Fernando Irala
La absurda ejecución de Javier Valdez, el periodista sinaloense especializado en temas de narcotráfico y crimen organizado, conmovió a la nación y tuvo repercusiones en el mundo, como tal vez no se observaba desde el asesinato de Manuel Buendía, del que la próxima semana se cumplirán 33 años.
En ese dilatado lapso muchos otros informadores, más de 200, han sido muertos, y otros más desaparecidos.
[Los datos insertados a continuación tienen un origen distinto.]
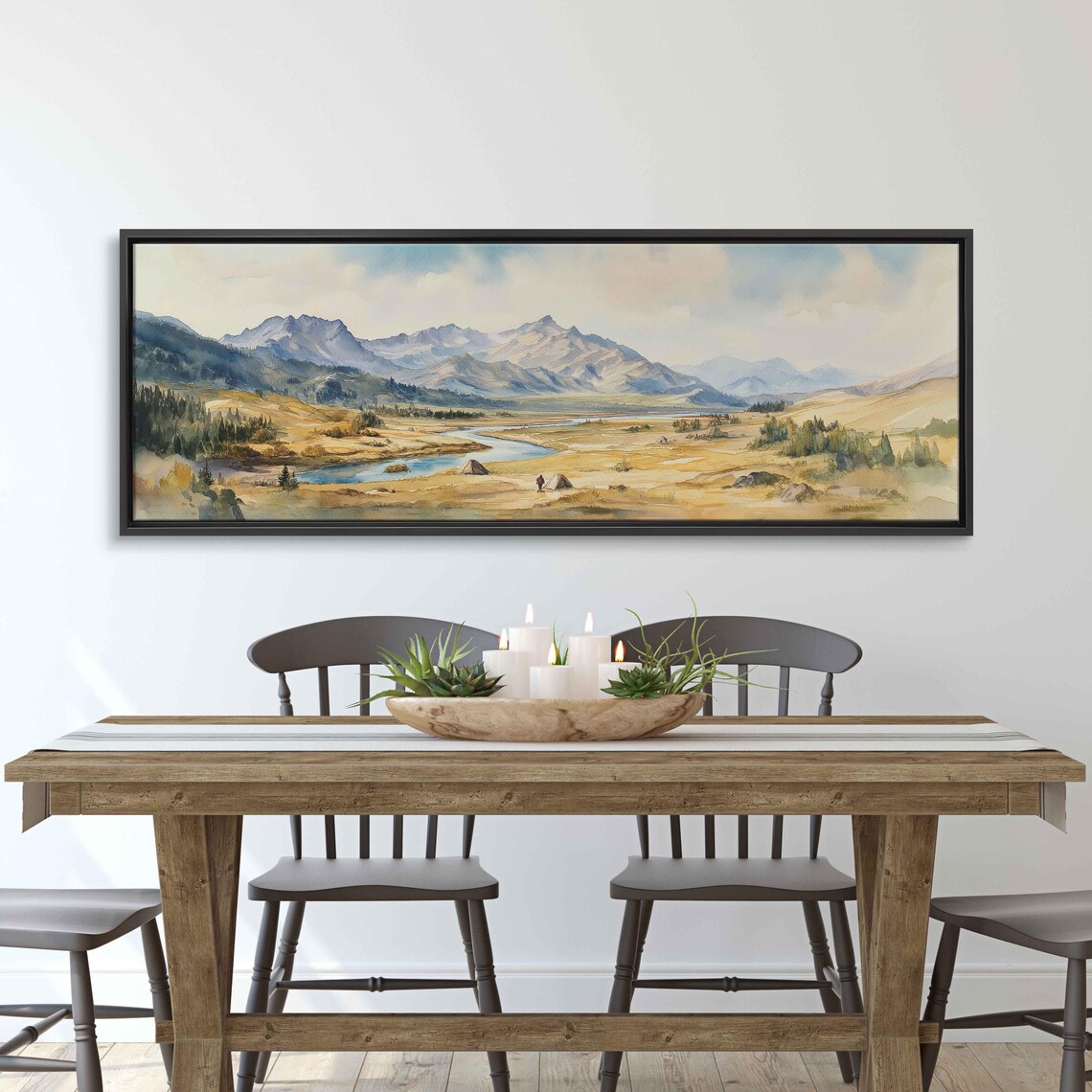 Expansive Wilderness Valley River Mountains Watercolor Landscape Poster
México se ha vuelto el lugar más peligroso para el ejercicio del periodismo, después de dos o tres países en el planeta en los que hay una situación de guerra.
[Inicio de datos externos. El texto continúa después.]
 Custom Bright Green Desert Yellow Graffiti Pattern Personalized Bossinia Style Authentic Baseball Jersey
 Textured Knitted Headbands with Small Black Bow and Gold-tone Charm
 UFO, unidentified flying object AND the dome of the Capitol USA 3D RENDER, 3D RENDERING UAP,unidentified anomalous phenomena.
Se habla siempre del crimen organizado como el responsable de esta ola incontenible de violencia, pero lo más lamentable es que en el clima de impunidad y negligencia oficial ante la masacre, existe también la sospecha fundada de que muchos de estos asesinatos se ordenan desde poderes estatales o municipales, con la certeza de que nadie averiguará nada.
Esta vez, la muerte de Valdez fue como la gota que derramó el vaso, conmocionó al gremio y obligó a una respuesta del Presidente de la República, en medio de los gritos de protesta de los representantes de los medios de comunicación, en un hecho también inédito en la reciente historia nacional.
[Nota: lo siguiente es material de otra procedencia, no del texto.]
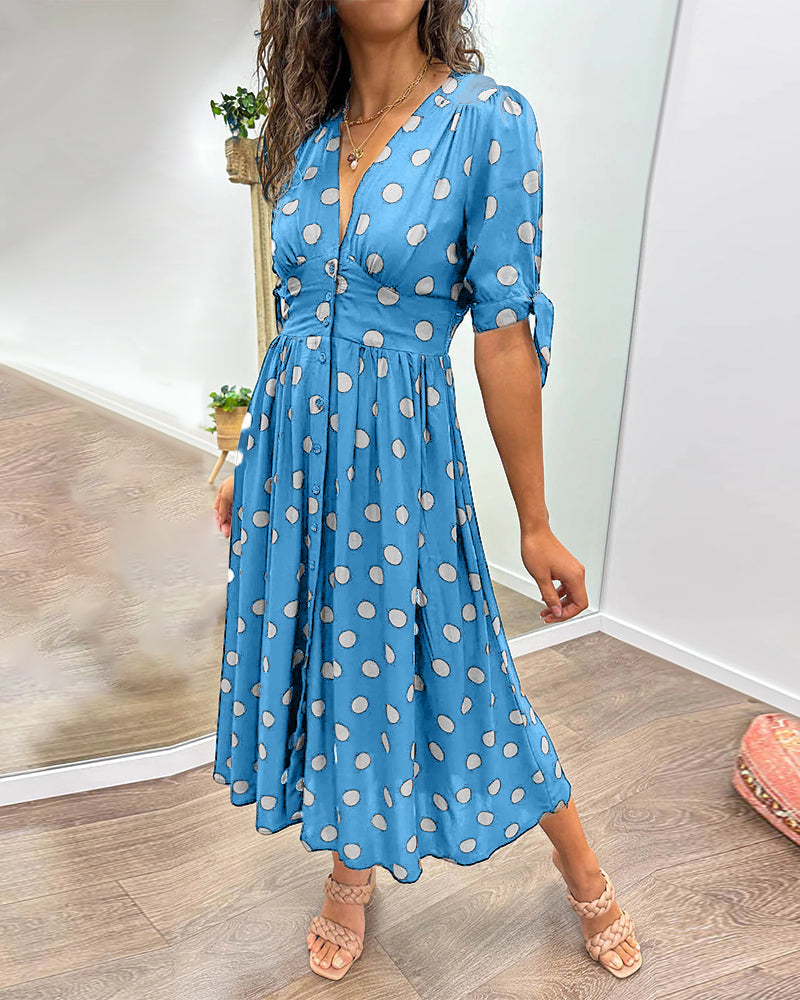 Dalina Button Polka Midi Dress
Las mortales agresiones contra el periodismo han hecho que en muchos lugares del país los profesionales de la información dejen de dar cuenta de lo que ocurre en ciudades y regiones, o que en casos extremos de plano haya medios que cierren sus puertas.
No sólo son atacados o la pasan mal los colegas, es la sociedad entera que al ya no estar adecuadamente informada es presa más fácil del miedo y de la actuación de los delincuentes.
Al arrebatarle la vida a Valdez han acallado una de los voces más valientes, como un par de meses antes ocurrió con Miroslava Breach en Chihuahua, o como ahora mismo está ocurriendo con el secuestro de Salvador Adame en Michoacán.
En ese escenario verdaderamente tenebroso, sólo queda repetir la frase de Valdez unas semanas antes de su muerte: No al silencio.